**What needs to be done:** Copy every entry below verbatim, except for images.
──────── Study material ────────
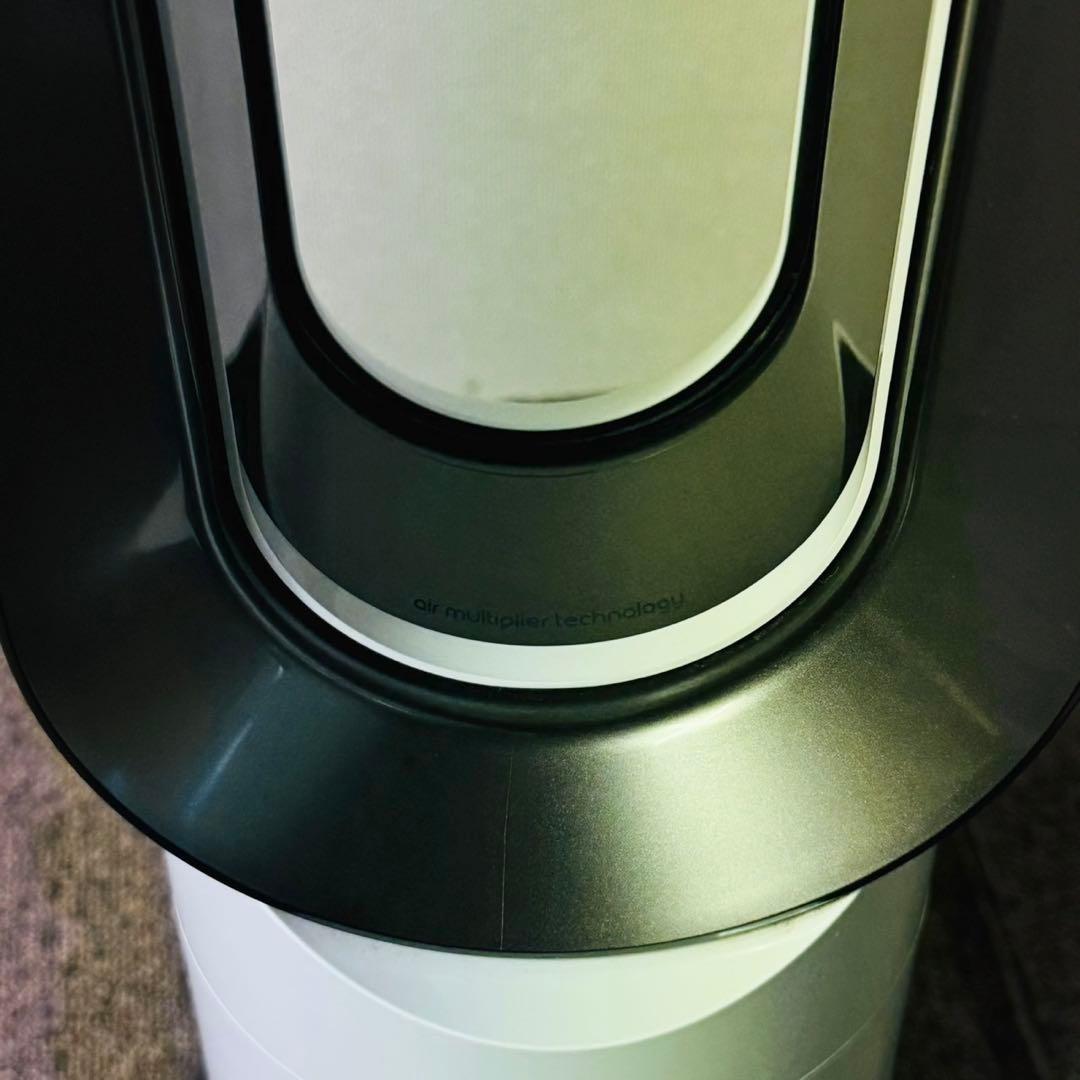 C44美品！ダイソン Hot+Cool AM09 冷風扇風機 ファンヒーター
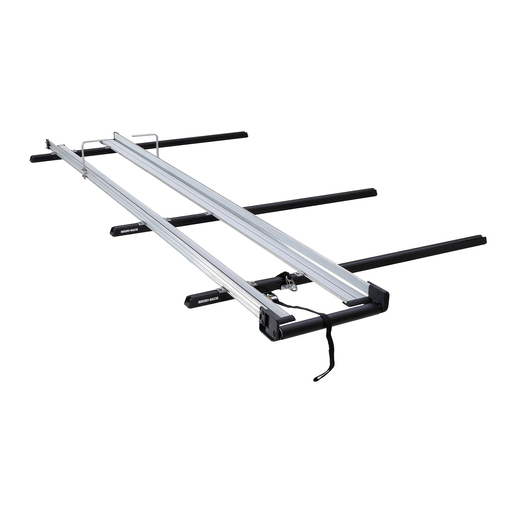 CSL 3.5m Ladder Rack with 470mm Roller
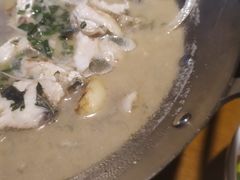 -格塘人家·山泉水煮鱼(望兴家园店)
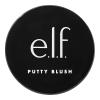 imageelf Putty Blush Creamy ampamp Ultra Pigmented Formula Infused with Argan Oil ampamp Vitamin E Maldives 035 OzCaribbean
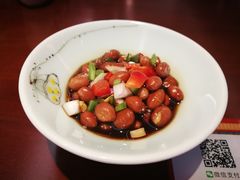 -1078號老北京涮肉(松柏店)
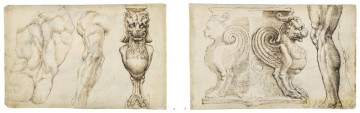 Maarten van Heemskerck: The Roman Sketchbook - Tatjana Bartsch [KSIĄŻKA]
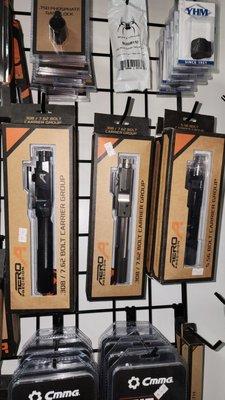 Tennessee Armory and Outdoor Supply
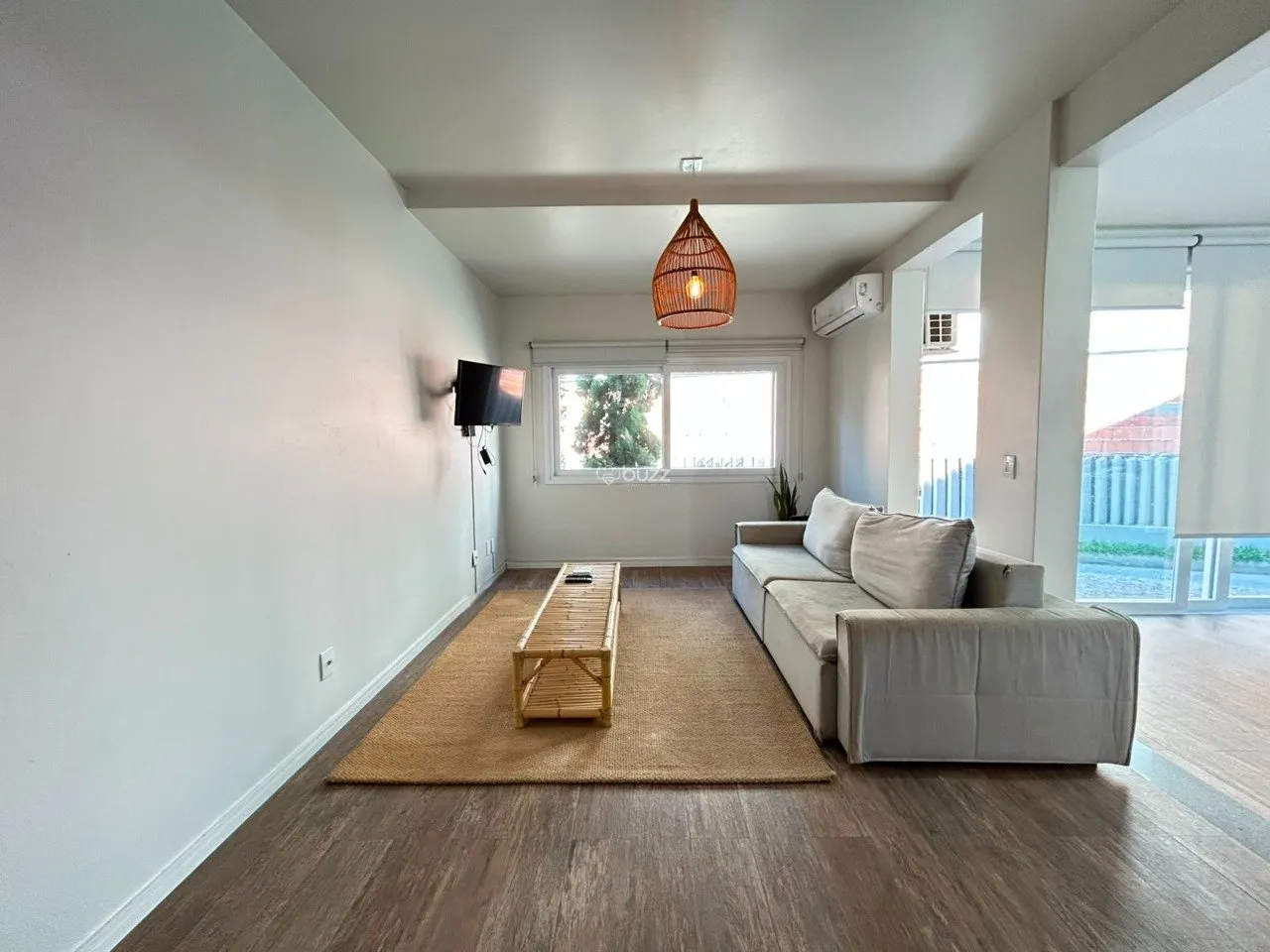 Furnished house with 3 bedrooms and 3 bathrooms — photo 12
────────
**Response area:**
 C44美品！ダイソン Hot+Cool AM09 冷風扇風機 ファンヒーター
 CSL 3.5m Ladder Rack with 470mm Roller
 -格塘人家·山泉水煮鱼(望兴家园店)
 imageelf Putty Blush Creamy ampamp Ultra Pigmented Formula Infused with Argan Oil ampamp Vitamin E Maldives 035 OzCaribbean
 -1078號老北京涮肉(松柏店)
 Maarten van Heemskerck: The Roman Sketchbook - Tatjana Bartsch [KSIĄŻKA]
 Tennessee Armory and Outdoor Supply
 Furnished house with 3 bedrooms and 3 bathrooms — photo 12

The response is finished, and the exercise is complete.